Wish the one I did yesterday had that many bees in it....that is a nice one. How many stings did you get? I got one through my glove yesterday.


----------



## flathead (Nov 1, 2006)

<How many stings did you get?>

A couple of dozen. I need a full suit as blue jeans don't cut it without another layer on top.

After the Dadant jacket gets wet they can get through it. I have taken to washing it often, after any job like this where you take stings.


----------



## bluegrass (Aug 30, 2006)

I use the disposable tyvek suits, I haven't been hit through them yet, but I do wear white pants and a heavy shirt under it. Then I don't have to wash it and just get a new one every few months.


----------



## flathead (Nov 1, 2006)

*yeah, thats the ticket.*

Tyvek, why didn't I think of that.

Thanks Bluegrass.

I have solved the glove problem though. I use a synthetic rubber and have not had a sting throught them yet. They fit just right not like those bee supplier yellow ones. They are blue and I get mine from Homedepot.

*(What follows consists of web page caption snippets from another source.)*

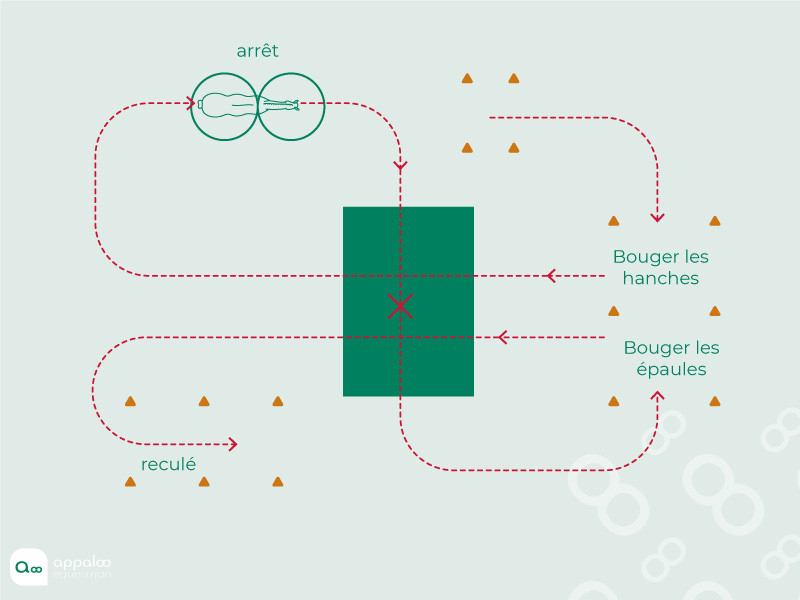 parcours-de-tap.jpg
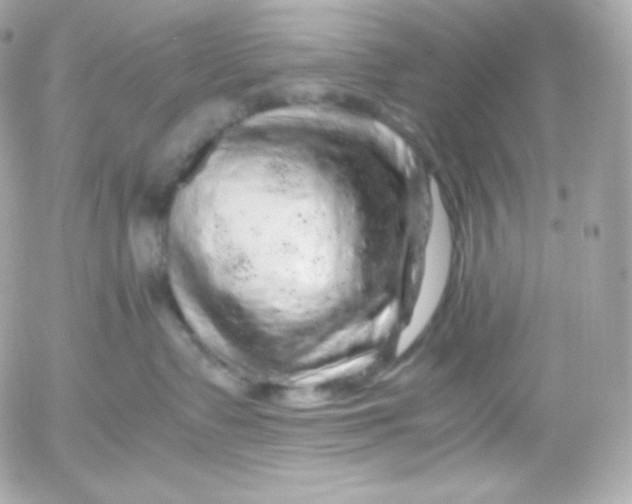 X0000052650335200507221848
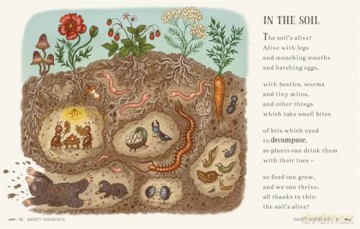 Wisdom of the Woods: 40 Poems to Treasure (Brown Bear Wood) - Rachel Piercey [KSIĄŻKA]
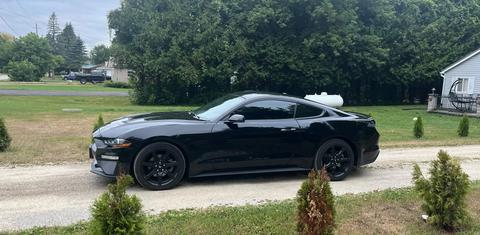 Ford Mustang 2019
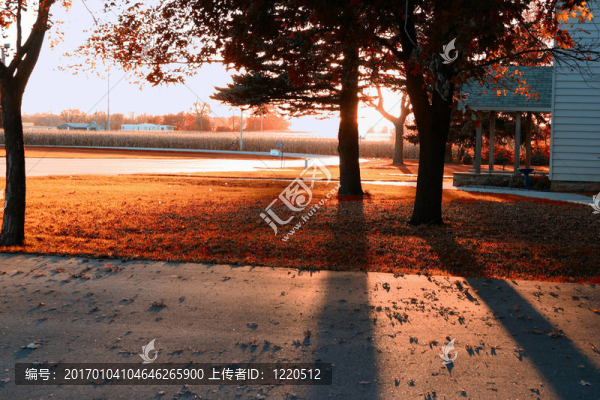陽(yáng)光斜斜的農(nóng)村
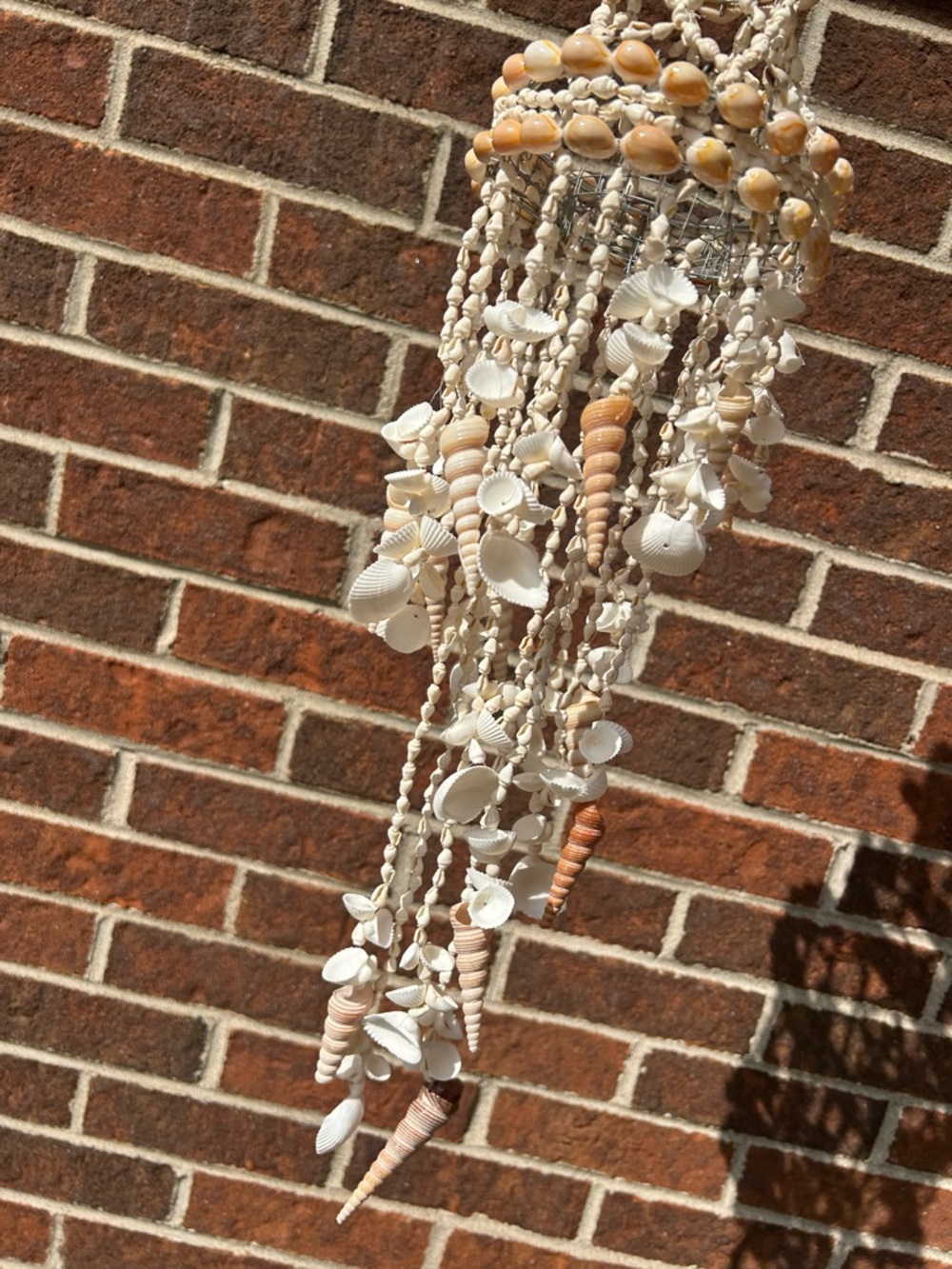 Shell chandelier - Picture 4 of 16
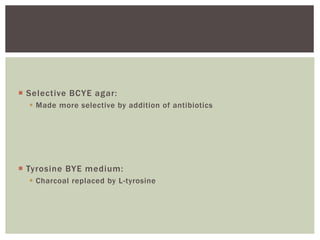  Selective BCYE agar:
 Made more selective by addition of antibiotics
 Tyrosine BYE medium:
 Charcoal replaced by L-tyrosine
 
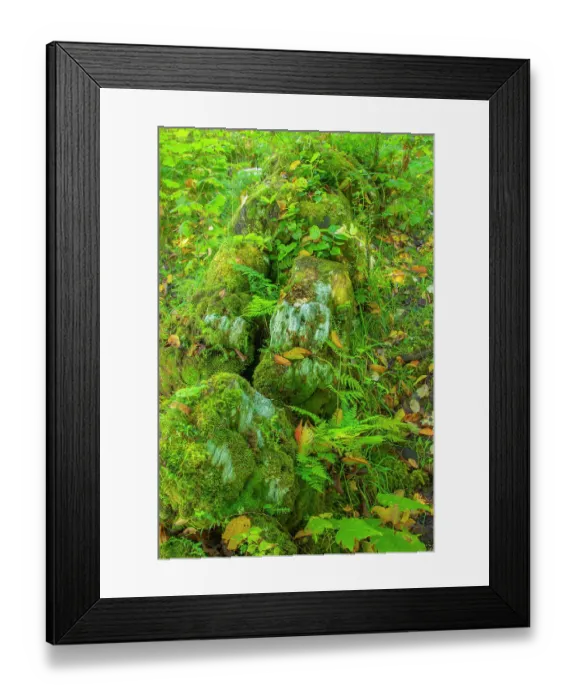 Framed Print : Canada, British Columbia, Inside Passage. Moss-covered fallen totem on Village Island Framed Print : Canada, British Columbia, Inside Passage. Moss-covered fallen totem on Village Island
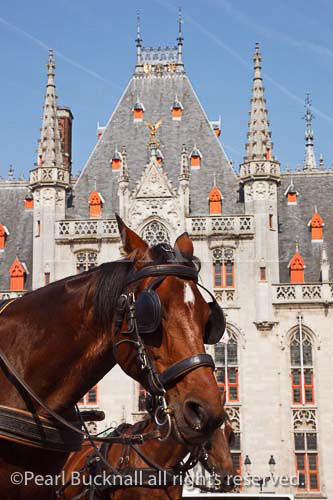 Horses with blinkers in front of the Gothic Provincial 
Court in the historic square. Markt, Bruges, Belgium, 
Europe. 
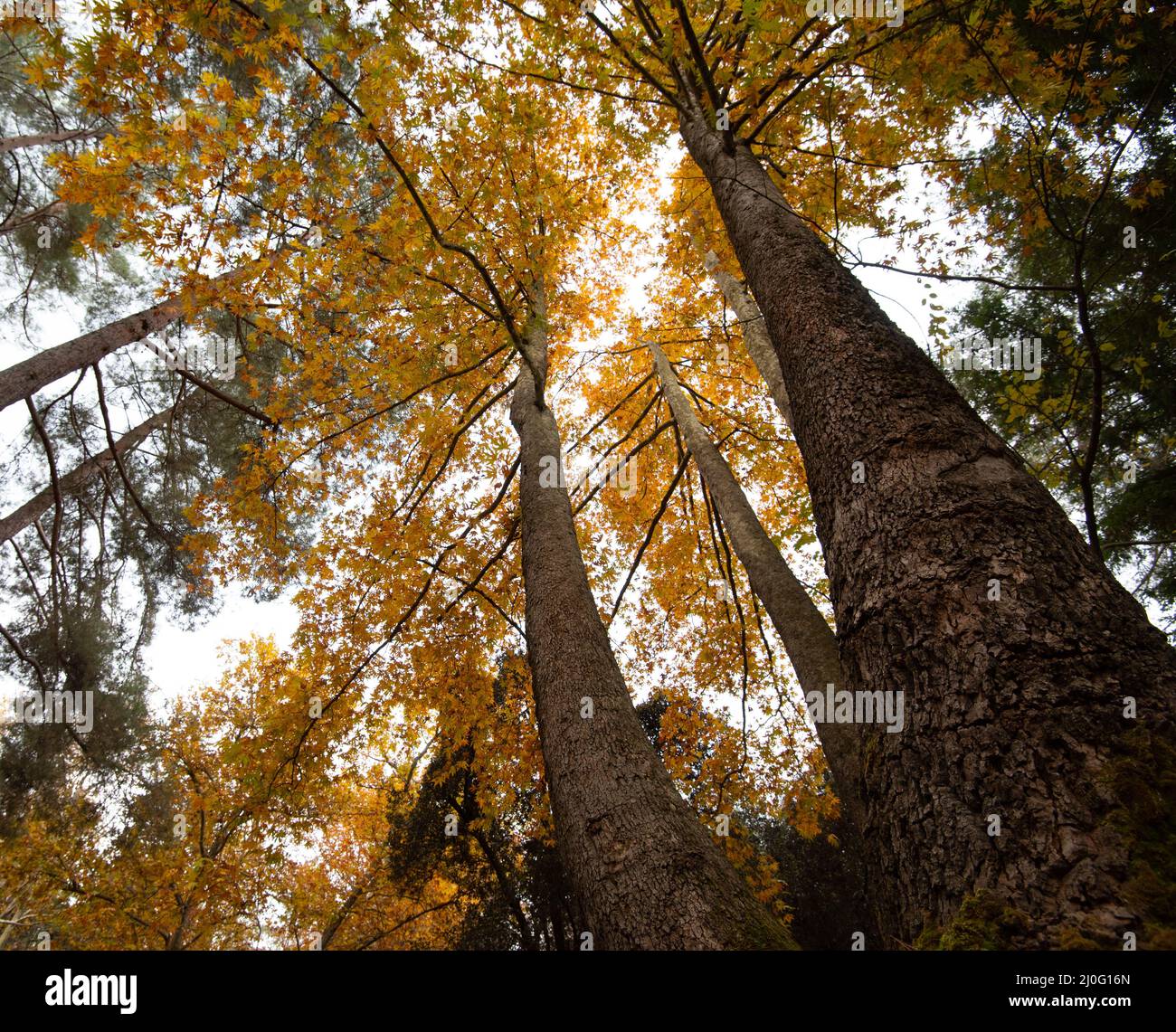 Low angle view of tree trunk tops with yellow leaves in Autumn Stock Photo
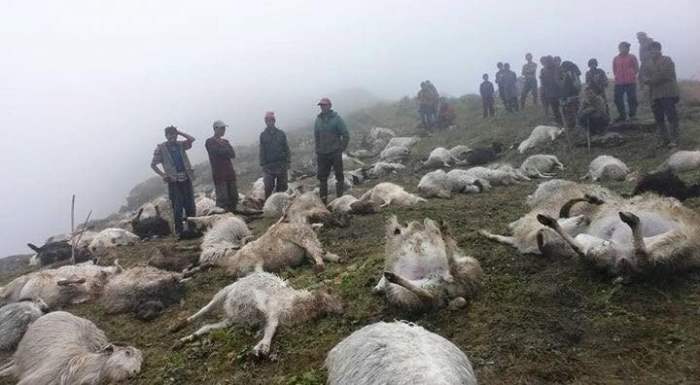 молния непал овцы
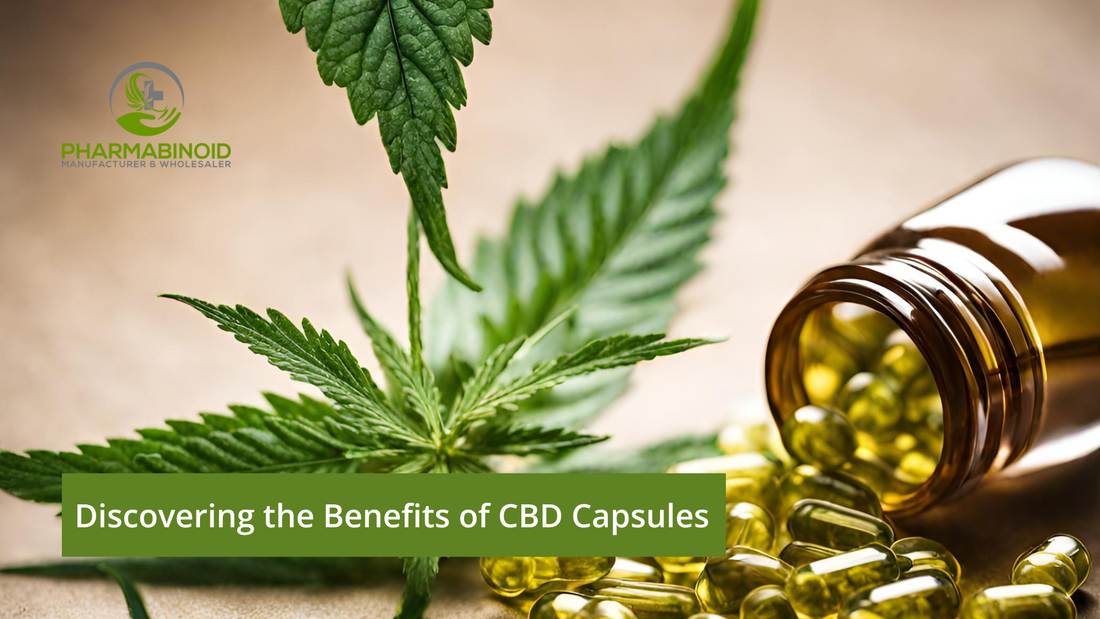 Discovering the Benefits of CBD Capsules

Get some honey on them and just dip into a bucket of water and keep going.


----------



## bluegrass (Aug 30, 2006)

I just bought a new set of bee gloves too. Usually they are great except that they are so hot to wear. Through the glove is about the most common place I get stung so I have been thinking about finding something different. I buy the cheap ones so it is no big deal to try something new. I have used plain leather, but I like the elastic and the lenght the bee gloves go up the arm. I wonder if they can be dipped into that tool handle rubber that you can get from the hardware store???? I might try it if the stuff is cheap enough.


----------



## mike haney (Feb 9, 2007)

*Tyvec*

bluegrass,don't you find tyvec suits to be super hot? mine work perfect to keep the bees off-their supposed to be too slick for them to land on,but i find myself rushing to get done cause they are so dang hot!


----------



## bluegrass (Aug 30, 2006)

Only if its hot out I am not talking about the industrial tyvek suits, I mean thin ones sold at paint stores. I tried the poly ones also and they are just as warm. I haven't ever tried a commercial bee suit, so I don't have that to compare it with, but I find that the only real discomfort with them is that they keep your sweat in close to your body. I still take my time and when things get real hot I walk away and take a break for a few minutes. I can buy a case of them for 4.50 each or individual ones for less than 10.00.....for me its worth it just because I don't have to wash them and I always have one in the house, car, truck, whenever I need one.


----------